▶ PROBLEM STATEMENT:
Retype every record below exactly as it appears.

▶ DATA SECTION:
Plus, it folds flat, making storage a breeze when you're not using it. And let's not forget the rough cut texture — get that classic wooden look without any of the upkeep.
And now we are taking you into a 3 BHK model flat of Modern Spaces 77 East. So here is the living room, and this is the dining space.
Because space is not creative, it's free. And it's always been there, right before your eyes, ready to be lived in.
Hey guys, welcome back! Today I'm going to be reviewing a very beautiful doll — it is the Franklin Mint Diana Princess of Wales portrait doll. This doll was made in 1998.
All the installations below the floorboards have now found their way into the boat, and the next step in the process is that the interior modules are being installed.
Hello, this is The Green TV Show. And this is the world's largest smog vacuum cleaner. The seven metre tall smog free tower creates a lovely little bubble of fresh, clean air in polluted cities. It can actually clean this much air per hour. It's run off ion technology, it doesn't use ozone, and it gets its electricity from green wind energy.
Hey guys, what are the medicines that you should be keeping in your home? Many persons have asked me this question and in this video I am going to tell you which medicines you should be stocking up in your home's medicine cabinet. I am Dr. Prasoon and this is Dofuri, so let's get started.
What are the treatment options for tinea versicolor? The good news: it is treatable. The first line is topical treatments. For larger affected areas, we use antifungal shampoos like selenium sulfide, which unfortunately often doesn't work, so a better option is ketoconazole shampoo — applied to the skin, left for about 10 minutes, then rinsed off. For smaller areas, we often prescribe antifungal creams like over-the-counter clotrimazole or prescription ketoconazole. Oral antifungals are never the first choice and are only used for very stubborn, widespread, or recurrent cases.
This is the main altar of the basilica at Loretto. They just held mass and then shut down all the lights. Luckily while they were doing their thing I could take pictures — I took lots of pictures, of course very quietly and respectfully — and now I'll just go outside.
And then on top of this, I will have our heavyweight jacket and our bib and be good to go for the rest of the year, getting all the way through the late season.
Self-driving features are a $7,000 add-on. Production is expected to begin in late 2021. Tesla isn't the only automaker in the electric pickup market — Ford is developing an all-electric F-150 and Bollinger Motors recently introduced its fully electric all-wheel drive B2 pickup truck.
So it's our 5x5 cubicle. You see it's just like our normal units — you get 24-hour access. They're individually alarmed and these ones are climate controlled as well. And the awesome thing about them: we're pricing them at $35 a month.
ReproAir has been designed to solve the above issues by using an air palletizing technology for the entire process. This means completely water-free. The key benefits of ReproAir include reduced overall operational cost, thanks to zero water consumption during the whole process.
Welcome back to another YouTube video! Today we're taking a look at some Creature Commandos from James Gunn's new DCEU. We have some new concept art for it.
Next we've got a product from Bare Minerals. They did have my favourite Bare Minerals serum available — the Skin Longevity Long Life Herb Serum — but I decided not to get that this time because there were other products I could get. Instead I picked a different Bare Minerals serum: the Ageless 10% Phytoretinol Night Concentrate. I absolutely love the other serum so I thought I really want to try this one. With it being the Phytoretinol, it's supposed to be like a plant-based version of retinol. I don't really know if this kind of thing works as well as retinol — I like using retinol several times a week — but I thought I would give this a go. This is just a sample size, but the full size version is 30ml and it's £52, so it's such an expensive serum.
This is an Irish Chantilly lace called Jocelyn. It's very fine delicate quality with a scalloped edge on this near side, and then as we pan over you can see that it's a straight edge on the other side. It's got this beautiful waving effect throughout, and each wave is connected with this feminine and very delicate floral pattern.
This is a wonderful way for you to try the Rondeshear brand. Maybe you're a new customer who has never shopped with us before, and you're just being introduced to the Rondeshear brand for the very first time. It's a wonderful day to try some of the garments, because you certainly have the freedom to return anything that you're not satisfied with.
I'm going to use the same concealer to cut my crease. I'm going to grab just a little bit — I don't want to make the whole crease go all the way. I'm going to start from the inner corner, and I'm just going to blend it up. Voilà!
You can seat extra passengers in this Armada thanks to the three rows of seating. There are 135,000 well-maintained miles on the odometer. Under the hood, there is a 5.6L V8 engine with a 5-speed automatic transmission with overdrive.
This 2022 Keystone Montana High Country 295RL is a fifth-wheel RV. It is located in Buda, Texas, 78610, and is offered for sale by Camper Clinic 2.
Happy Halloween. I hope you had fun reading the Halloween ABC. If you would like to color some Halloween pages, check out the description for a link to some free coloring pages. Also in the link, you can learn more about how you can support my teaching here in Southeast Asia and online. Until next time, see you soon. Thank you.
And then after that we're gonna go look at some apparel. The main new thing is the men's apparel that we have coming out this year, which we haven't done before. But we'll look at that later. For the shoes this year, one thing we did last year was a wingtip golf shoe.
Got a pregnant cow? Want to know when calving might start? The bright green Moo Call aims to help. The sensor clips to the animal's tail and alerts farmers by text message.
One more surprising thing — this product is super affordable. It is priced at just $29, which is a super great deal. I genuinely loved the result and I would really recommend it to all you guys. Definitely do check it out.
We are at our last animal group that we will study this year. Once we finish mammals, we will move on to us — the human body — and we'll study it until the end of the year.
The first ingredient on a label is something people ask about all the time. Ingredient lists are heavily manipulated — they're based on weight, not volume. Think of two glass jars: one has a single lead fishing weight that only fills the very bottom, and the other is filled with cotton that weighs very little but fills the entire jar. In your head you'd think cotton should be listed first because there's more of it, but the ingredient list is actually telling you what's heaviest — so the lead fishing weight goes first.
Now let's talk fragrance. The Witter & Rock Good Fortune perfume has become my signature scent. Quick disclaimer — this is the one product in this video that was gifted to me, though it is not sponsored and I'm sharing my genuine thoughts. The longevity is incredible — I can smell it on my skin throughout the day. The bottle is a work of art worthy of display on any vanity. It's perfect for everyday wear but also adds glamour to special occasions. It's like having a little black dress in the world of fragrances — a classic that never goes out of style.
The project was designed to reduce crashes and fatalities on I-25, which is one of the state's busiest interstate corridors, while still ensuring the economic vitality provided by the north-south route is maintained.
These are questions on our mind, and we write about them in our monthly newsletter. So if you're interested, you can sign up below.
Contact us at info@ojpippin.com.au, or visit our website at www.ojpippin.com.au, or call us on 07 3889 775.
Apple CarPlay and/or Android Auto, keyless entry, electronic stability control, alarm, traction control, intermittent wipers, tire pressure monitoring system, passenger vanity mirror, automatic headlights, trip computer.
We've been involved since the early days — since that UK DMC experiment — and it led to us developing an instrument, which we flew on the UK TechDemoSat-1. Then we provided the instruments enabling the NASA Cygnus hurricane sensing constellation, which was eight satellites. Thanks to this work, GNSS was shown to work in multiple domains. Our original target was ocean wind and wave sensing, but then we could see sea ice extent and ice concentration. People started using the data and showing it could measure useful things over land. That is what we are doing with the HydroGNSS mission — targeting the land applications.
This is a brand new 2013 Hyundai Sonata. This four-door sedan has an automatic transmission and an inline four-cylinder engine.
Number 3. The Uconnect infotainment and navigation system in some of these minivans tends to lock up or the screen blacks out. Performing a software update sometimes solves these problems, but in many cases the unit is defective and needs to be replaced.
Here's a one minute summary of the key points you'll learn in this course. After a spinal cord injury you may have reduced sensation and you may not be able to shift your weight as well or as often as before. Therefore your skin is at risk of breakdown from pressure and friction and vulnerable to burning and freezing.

▶ RESULT BELOW:
Plus, it folds flat, making storage a breeze when you're not using it. And let's not forget the rough cut texture — get that classic wooden look without any of the upkeep.
And now we are taking you into a 3 BHK model flat of Modern Spaces 77 East. So here is the living room, and this is the dining space.
Because space is not creative, it's free. And it's always been there, right before your eyes, ready to be lived in.
Hey guys, welcome back! Today I'm going to be reviewing a very beautiful doll — it is the Franklin Mint Diana Princess of Wales portrait doll. This doll was made in 1998.
All the installations below the floorboards have now found their way into the boat, and the next step in the process is that the interior modules are being installed.
Hello, this is The Green TV Show. And this is the world's largest smog vacuum cleaner. The seven metre tall smog free tower creates a lovely little bubble of fresh, clean air in polluted cities. It can actually clean this much air per hour. It's run off ion technology, it doesn't use ozone, and it gets its electricity from green wind energy.
Hey guys, what are the medicines that you should be keeping in your home? Many persons have asked me this question and in this video I am going to tell you which medicines you should be stocking up in your home's medicine cabinet. I am Dr. Prasoon and this is Dofuri, so let's get started.
What are the treatment options for tinea versicolor? The good news: it is treatable. The first line is topical treatments. For larger affected areas, we use antifungal shampoos like selenium sulfide, which unfortunately often doesn't work, so a better option is ketoconazole shampoo — applied to the skin, left for about 10 minutes, then rinsed off. For smaller areas, we often prescribe antifungal creams like over-the-counter clotrimazole or prescription ketoconazole. Oral antifungals are never the first choice and are only used for very stubborn, widespread, or recurrent cases.
This is the main altar of the basilica at Loretto. They just held mass and then shut down all the lights. Luckily while they were doing their thing I could take pictures — I took lots of pictures, of course very quietly and respectfully — and now I'll just go outside.
And then on top of this, I will have our heavyweight jacket and our bib and be good to go for the rest of the year, getting all the way through the late season.
Self-driving features are a $7,000 add-on. Production is expected to begin in late 2021. Tesla isn't the only automaker in the electric pickup market — Ford is developing an all-electric F-150 and Bollinger Motors recently introduced its fully electric all-wheel drive B2 pickup truck.
So it's our 5x5 cubicle. You see it's just like our normal units — you get 24-hour access. They're individually alarmed and these ones are climate controlled as well. And the awesome thing about them: we're pricing them at $35 a month.
ReproAir has been designed to solve the above issues by using an air palletizing technology for the entire process. This means completely water-free. The key benefits of ReproAir include reduced overall operational cost, thanks to zero water consumption during the whole process.
Welcome back to another YouTube video! Today we're taking a look at some Creature Commandos from James Gunn's new DCEU. We have some new concept art for it.
Next we've got a product from Bare Minerals. They did have my favourite Bare Minerals serum available — the Skin Longevity Long Life Herb Serum — but I decided not to get that this time because there were other products I could get. Instead I picked a different Bare Minerals serum: the Ageless 10% Phytoretinol Night Concentrate. I absolutely love the other serum so I thought I really want to try this one. With it being the Phytoretinol, it's supposed to be like a plant-based version of retinol. I don't really know if this kind of thing works as well as retinol — I like using retinol several times a week — but I thought I would give this a go. This is just a sample size, but the full size version is 30ml and it's £52, so it's such an expensive serum.
This is an Irish Chantilly lace called Jocelyn. It's very fine delicate quality with a scalloped edge on this near side, and then as we pan over you can see that it's a straight edge on the other side. It's got this beautiful waving effect throughout, and each wave is connected with this feminine and very delicate floral pattern.
This is a wonderful way for you to try the Rondeshear brand. Maybe you're a new customer who has never shopped with us before, and you're just being introduced to the Rondeshear brand for the very first time. It's a wonderful day to try some of the garments, because you certainly have the freedom to return anything that you're not satisfied with.
I'm going to use the same concealer to cut my crease. I'm going to grab just a little bit — I don't want to make the whole crease go all the way. I'm going to start from the inner corner, and I'm just going to blend it up. Voilà!
You can seat extra passengers in this Armada thanks to the three rows of seating. There are 135,000 well-maintained miles on the odometer. Under the hood, there is a 5.6L V8 engine with a 5-speed automatic transmission with overdrive.
This 2022 Keystone Montana High Country 295RL is a fifth-wheel RV. It is located in Buda, Texas, 78610, and is offered for sale by Camper Clinic 2.
Happy Halloween. I hope you had fun reading the Halloween ABC. If you would like to color some Halloween pages, check out the description for a link to some free coloring pages. Also in the link, you can learn more about how you can support my teaching here in Southeast Asia and online. Until next time, see you soon. Thank you.
And then after that we're gonna go look at some apparel. The main new thing is the men's apparel that we have coming out this year, which we haven't done before. But we'll look at that later. For the shoes this year, one thing we did last year was a wingtip golf shoe.
Got a pregnant cow? Want to know when calving might start? The bright green Moo Call aims to help. The sensor clips to the animal's tail and alerts farmers by text message.
One more surprising thing — this product is super affordable. It is priced at just $29, which is a super great deal. I genuinely loved the result and I would really recommend it to all you guys. Definitely do check it out.
We are at our last animal group that we will study this year. Once we finish mammals, we will move on to us — the human body — and we'll study it until the end of the year.
The first ingredient on a label is something people ask about all the time. Ingredient lists are heavily manipulated — they're based on weight, not volume. Think of two glass jars: one has a single lead fishing weight that only fills the very bottom, and the other is filled with cotton that weighs very little but fills the entire jar. In your head you'd think cotton should be listed first because there's more of it, but the ingredient list is actually telling you what's heaviest — so the lead fishing weight goes first.
Now let's talk fragrance. The Witter & Rock Good Fortune perfume has become my signature scent. Quick disclaimer — this is the one product in this video that was gifted to me, though it is not sponsored and I'm sharing my genuine thoughts. The longevity is incredible — I can smell it on my skin throughout the day. The bottle is a work of art worthy of display on any vanity. It's perfect for everyday wear but also adds glamour to special occasions. It's like having a little black dress in the world of fragrances — a classic that never goes out of style.
The project was designed to reduce crashes and fatalities on I-25, which is one of the state's busiest interstate corridors, while still ensuring the economic vitality provided by the north-south route is maintained.
These are questions on our mind, and we write about them in our monthly newsletter. So if you're interested, you can sign up below.
Contact us at info@ojpippin.com.au, or visit our website at www.ojpippin.com.au, or call us on 07 3889 775.
Apple CarPlay and/or Android Auto, keyless entry, electronic stability control, alarm, traction control, intermittent wipers, tire pressure monitoring system, passenger vanity mirror, automatic headlights, trip computer.
We've been involved since the early days — since that UK DMC experiment — and it led to us developing an instrument, which we flew on the UK TechDemoSat-1. Then we provided the instruments enabling the NASA Cygnus hurricane sensing constellation, which was eight satellites. Thanks to this work, GNSS was shown to work in multiple domains. Our original target was ocean wind and wave sensing, but then we could see sea ice extent and ice concentration. People started using the data and showing it could measure useful things over land. That is what we are doing with the HydroGNSS mission — targeting the land applications.
This is a brand new 2013 Hyundai Sonata. This four-door sedan has an automatic transmission and an inline four-cylinder engine.
Number 3. The Uconnect infotainment and navigation system in some of these minivans tends to lock up or the screen blacks out. Performing a software update sometimes solves these problems, but in many cases the unit is defective and needs to be replaced.
Here's a one minute summary of the key points you'll learn in this course. After a spinal cord injury you may have reduced sensation and you may not be able to shift your weight as well or as often as before. Therefore your skin is at risk of breakdown from pressure and friction and vulnerable to burning and freezing.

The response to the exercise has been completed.